And sometimes that suspicion, “that metacognitive discomfort can be misattributed not just to the message or the self, but to a third party: the defendant.”[6]
In other words, jurors may subconsciously blame the person on trial for the fact that the testimony itself is difficult to follow.
But Wait a Second… That’s Not What I Did
Now here’s the part that made me pause when I read the study.
If jargon makes jurors more likely to convict, then my little translation routine should have been a terrible strategy.
After all, I was the prosecutor. The police officer was my witness. If robotic police jargon nudges jurors toward suspicion, maybe I should have just let him keep sounding like RoboCop.
Instead, I did the opposite. I translated him.
“Upon surveillance I observed the male entering and exiting the establishment.”
“You mean you watched him going in and out of the store?”
Why would simplifying the language help my case if the research suggests that disfluency nudges jurors toward guilt?
The answer, I think, lies in the difference between momentary suspicion and overall persuasion.
Yes, jargon creates cognitive friction. When information feels hard to process, people sometimes misattribute that discomfort to the situation or the defendant.
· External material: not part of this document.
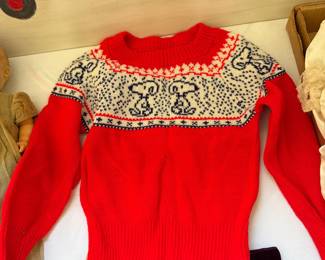 Vintage red knit sweater with Snoopy yoke design and a purple velvet skirt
That may be why disfluency nudged some participants toward guilty verdicts in the experiment. But disfluency also produces a host of other downstream effects: jurors feel less confident in their decisions, less capable of serving as jurors, and less trusting of the judicial system.[7]
None of those things are good for persuasion.
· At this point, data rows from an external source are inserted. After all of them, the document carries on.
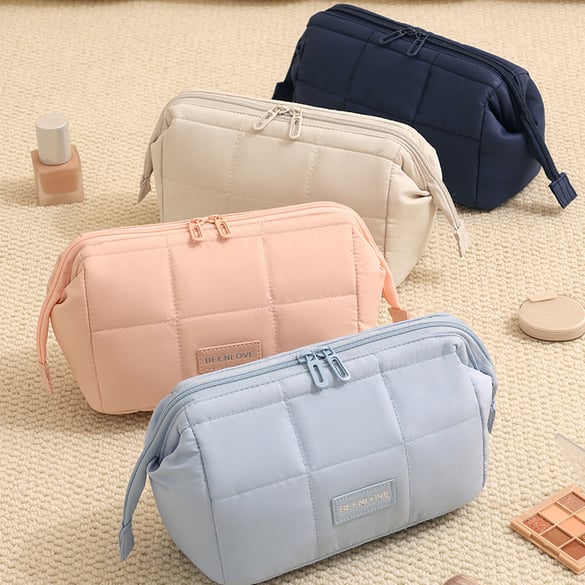 1 Piece Solid Color Checkered Quilted Thread Makeup Bag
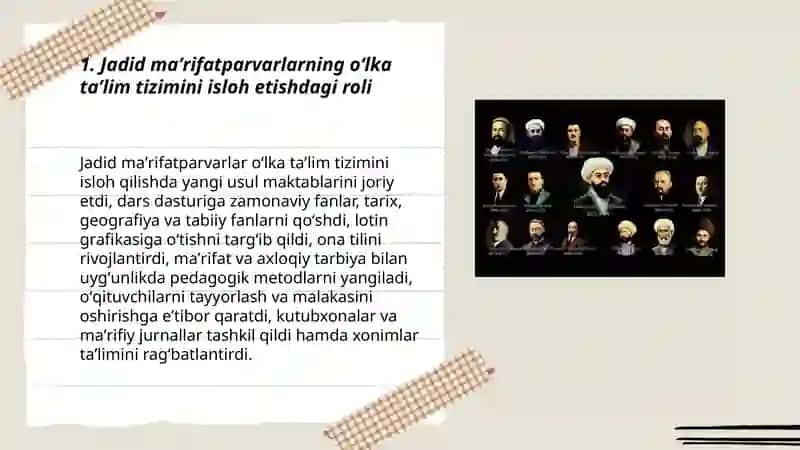 Jadid maʼrifatparvarlarining oʻlka ijtimoiy maʼnaviy hayotida tutgan oʻrni 3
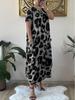 2025 Повседневное свободное длинное платье с коротким рукавом и карманами, леопардовый принт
Jurors who feel confused are not happy jurors. Jurors who feel incompetent are not engaged jurors. And jurors who feel alienated from the process are not particularly receptive to the case you’re trying to present.
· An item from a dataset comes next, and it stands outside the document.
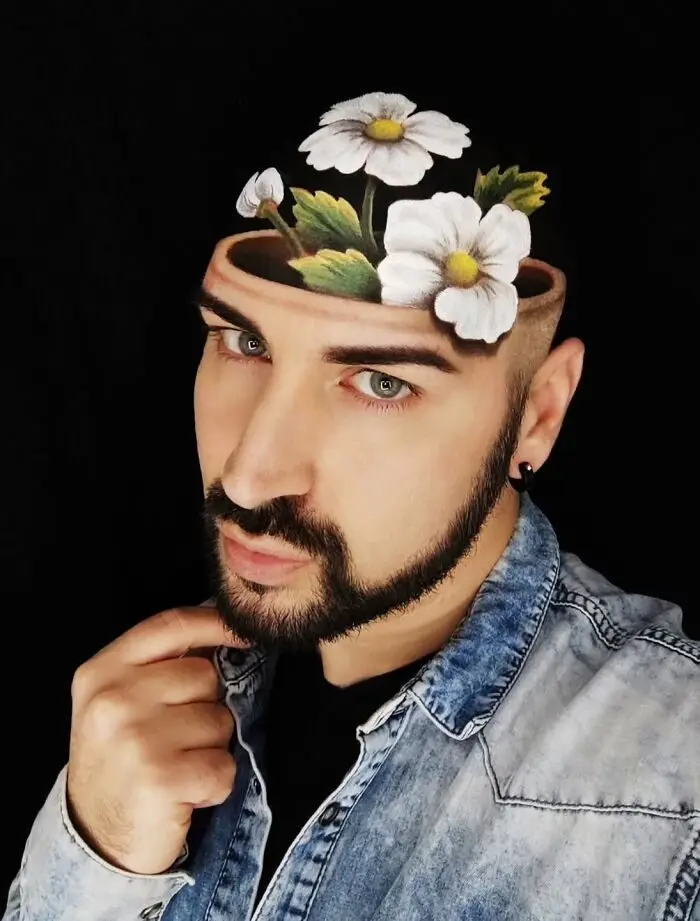 Иллюзорные лица: как Лука Луче превращает кожу в трёхмерные картины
By translating the officer’s testimony into ordinary language, I was doing two things at once:
- Reducing cognitive friction so jurors could actually process the evidence.
- Building credibility by signaling that we weren’t trying to hide behind fancy language.
And that combination – clarity plus credibility – turns out to be a powerful persuasive tool.
Now, to be fair, lawyers use jargon for a reason. Technical terms can be precise, efficient, and meaningful within a professional community. Among lawyers, saying “res ipsa loquitur” or “fiduciary duty” can sometimes be quicker than explaining the concept from scratch.
But jurors aren’t members of that community.
To them, jargon is just friction. And cognitive friction rarely helps persuasion.
A Quick Word About Expert Witnesses
If this research makes anyone uncomfortable, it should probably be expert witnesses.
Experts live in jargon. Their professional credibility is built on technical vocabulary that signals training and expertise. And sometimes that vocabulary is genuinely necessary.
But the study suggests that every layer of technical language adds cognitive burden for jurors. When that burden grows too large, jurors stop evaluating the evidence itself and start reacting to how difficult the testimony feels to process.
That reaction can show up in strange ways – reduced confidence, disengagement, or misplaced suspicion.
Which means the most persuasive expert witness may not be the one who sounds the most technical.
It may be the one who can explain the science as if they were talking to a smart neighbor across the fence.
A Teaching Moment for Advocacy Classrooms
For those of us who teach trial advocacy, the lesson seems pretty clear.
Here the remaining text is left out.